→ Records supplied:

Content starts

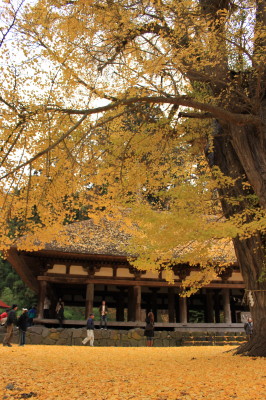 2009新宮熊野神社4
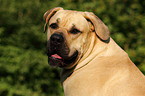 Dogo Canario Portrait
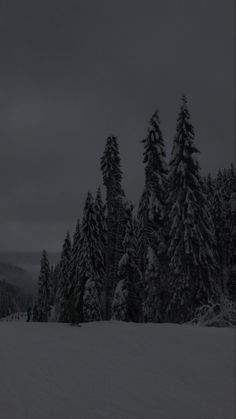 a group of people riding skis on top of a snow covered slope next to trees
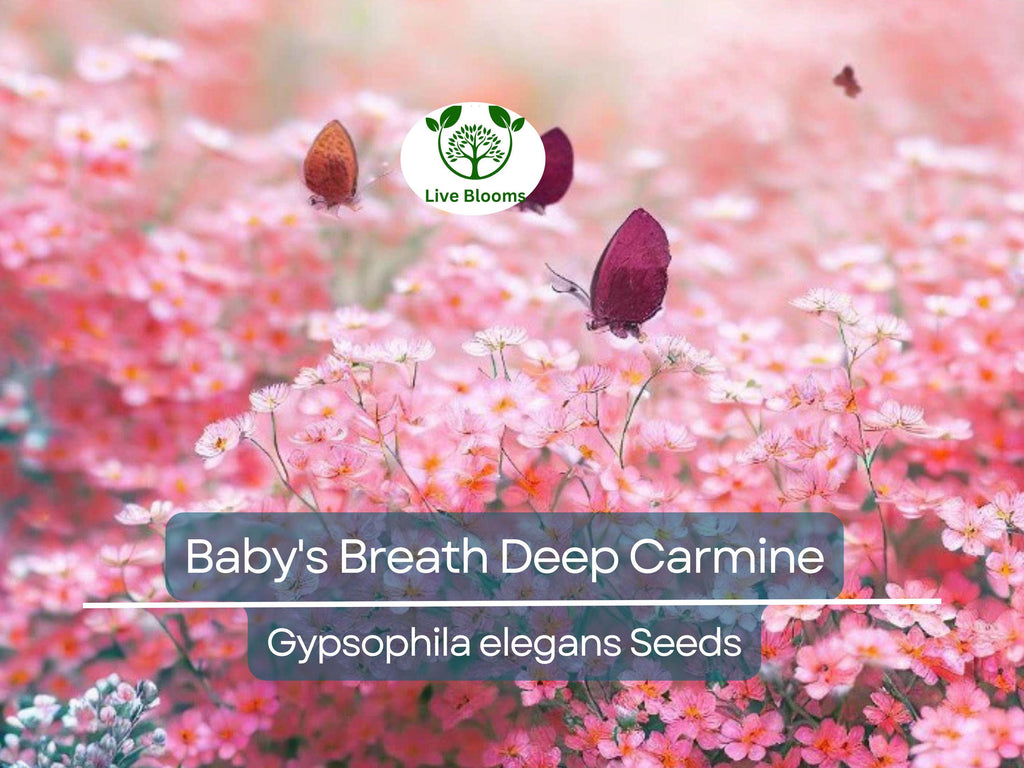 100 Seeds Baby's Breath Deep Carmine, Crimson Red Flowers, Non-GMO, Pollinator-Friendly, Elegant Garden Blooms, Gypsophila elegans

Content ends
Content starts

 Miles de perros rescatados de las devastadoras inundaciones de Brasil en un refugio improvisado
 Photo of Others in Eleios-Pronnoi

Content ends
Content starts

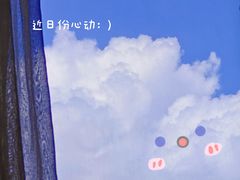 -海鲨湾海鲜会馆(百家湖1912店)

Content ends

Please repeat, exactly as written, the lines in the records above, starting with the one that has "2009新宮熊野神社4" and going on through the one that has "100 Seeds Baby's". Pictures are to be left out.

 2009新宮熊野神社4
 Dogo Canario Portrait
 a group of people riding skis on top of a snow covered slope next to trees
 100 Seeds Baby's Breath Deep Carmine, Crimson Red Flowers, Non-GMO, Pollinator-Friendly, Elegant Garden Blooms, Gypsophila elegans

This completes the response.